As my contribution to the NAAWP (National Association for the advancement of woodturning people), I've been fishing instead of turning lately, but I did muse about our craft while casting my old Creek Chub floater, retrieving my Heddon darter or jigging a mirrorlure. After a wee scotch, soup, and supper, I've been enjoying a look at "500 Bowls" and "500 Wood bowls" for the umpteenth time.

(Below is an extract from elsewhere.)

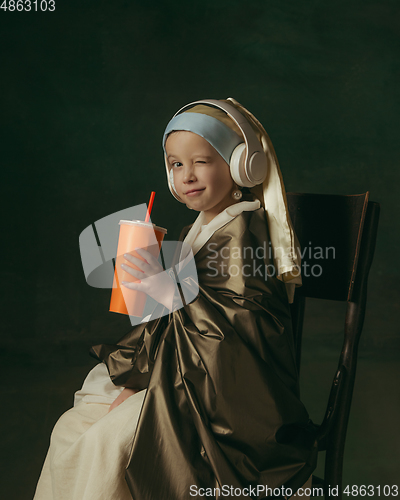 Image of Medieval little girl as a lady with a pearl earring on dark studio background. Concept of comparison of eras, childhood. Stylish creative design, art vision, new look of artwork.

A very few of you might remember an old 30's pop song, "You push the middle valve down and the music goes round and round --yo ho, wo ho-- and it comes out here" (I doubt you need Jeffry to explain, Leo). The music that comes out sure has changed over the years and so have the turnings that come out of another instrument; the woodturning lathe. In so many ways the turnings are better now, certainly not worse, but they are different. There were signs and guides along the way. Prestini started it and Pain wrote and taught us about it. Stocksdale continued it with good design and delicate form. Lindquist engineered beauty on a shopsmith. Moulthrop added big bowls with bigger mouths. Ellsworth amazed us with hollow forms and tiny mouths. Osolnik preserved our sanity and Jordan keeps our turnings beautiful while still recognizable. There were and are, many other giants with broad shoulders for us to stand on. Of course, the narrow ones we fall off from are always with us.
The woodturner has a superb machine for making unmoldable wood round while the potter employs a plastic medium to mold all kinds of fluid shapes. I guess it's the eternal challenge and all that, but there seemed to be more rounded & contained ceramic bowls and more fenestrated and unrestrained wood bowls pictured in the two books than I expected.
Somehow this woodturner related more to the clay throwings than to the wood turnings. I hope this doesn't come over as a red-neck's loutish attempt to put-down those wonderful variations of the wood bowl. Anyway, the title is "500 Wood Bowls", not "500 _Turned_ Wood Bowls". However for me, the ceramics did seem to be comfortably traditional, more contained and somewhat rounder. I suppose that contemporary wood art often strives to stress the beholder, but this isn't always a metaphor for excellence.
As with nature, rcw abhors a vacuum, so please comment; adverse or otherwise.